The recently opened Modernist Hotel in Long Island City is hosting an art gallery this week to celebrate the culture of the city and create a dynamic space that isn’t just for guests.
This Friday, April 1, from 6 p.m. to 9 p.m., the hotel will open its doors at 38-30 28th St. for the art gallery curated by Orestes Gonzalez from LIC Culture Lab. The gallery can be viewed in the lobby just past the front desk, featuring abstract and geometric pieces.
Yianni Katsifas, the general manager of the Modernist Hotel, said that artwork will also be featured throughout the building and in the guests’ rooms as well.
“Our goal is that when people come stay at the hotel, it’s not just a transient place,” Katsifas said. “They can really get a feel for the Long Island City neighborhood and the important pieces that make it what it is even when they’re just staying in a room.”
The Modernist Hotel opened two weeks ago as a family project. The property is small, with only 16 rooms.
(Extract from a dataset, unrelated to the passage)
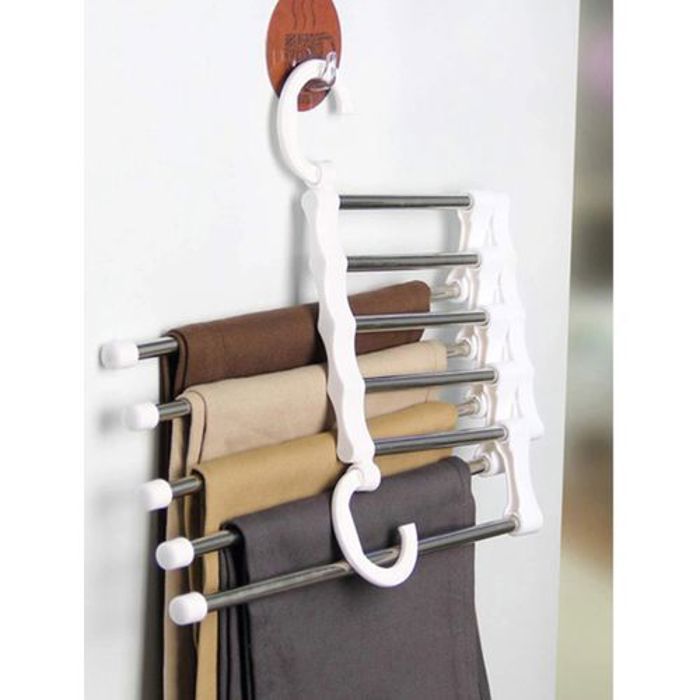 Cintre Multifonction 5en1 Pantalons Robes Châles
However, the rooms are large featuring a kitchenette and balcony.
“A lot of our guests have compared it to an Airbnb experience,” Katsifas said. “We wanted it to be like a home because we’re so small that’s something we can provide— that warm, fuzzy, second-home feeling.”
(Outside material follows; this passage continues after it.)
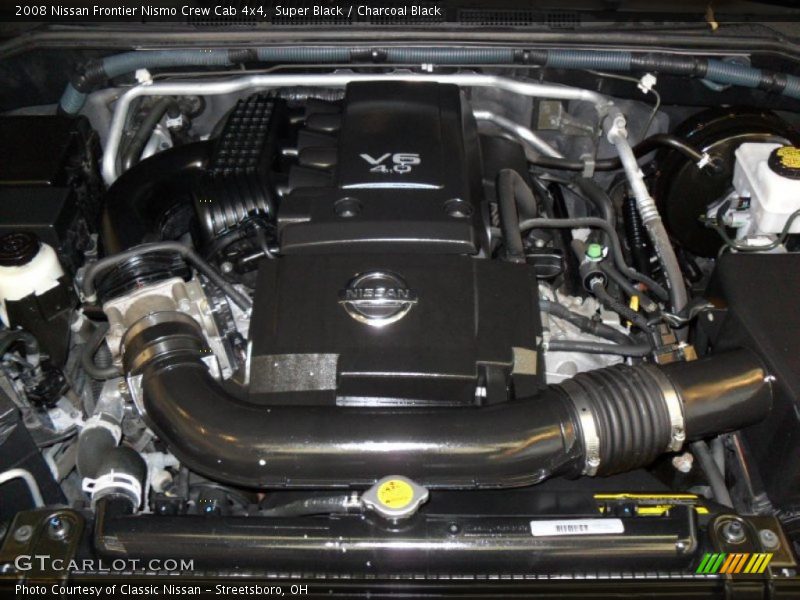 Super Black / Charcoal Black 2008 Nissan Frontier Nismo Crew Cab 4x4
Katsifas stressed that most of the work to get the hotel up and running was done by the family.
“The rooms feature this wood paneling with geometric squares and rectangles on the walls. My dad and I spent the entire summer cutting the wood for all those pieces, nailing it to the walls and making these designs,” Katsifas said.
The rooms are warm with a wood and leather aesthetic, which Katsifas said plays to the history of Long Island City.
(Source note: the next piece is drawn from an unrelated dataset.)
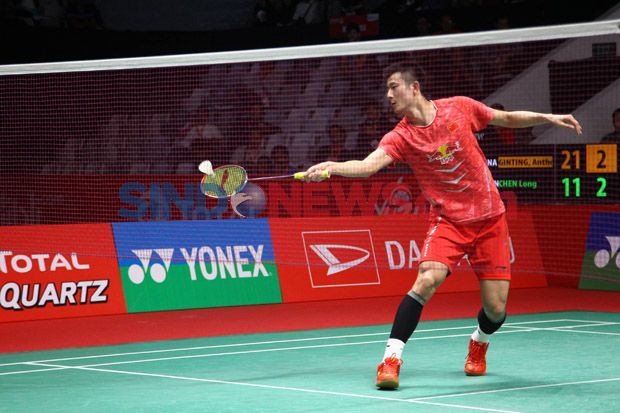 Anthony Ginting Hentikan Chen Long di Perempat Final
“The neighborhood was this really cold industrial area and now it’s this buzzing, bright, young community. So, we wanted that reflected in the design elements,” Katsifas said.
The art gallery will also pay homage to Katsifas’ mother, who he said has always appreciated the arts. Though, when she was young, her parents didn’t approve of her passions.
“Her parents said ‘no, young Greek girls become engineers, not artists,’” Katsifas said. “So this is a way to honor her and her interests.”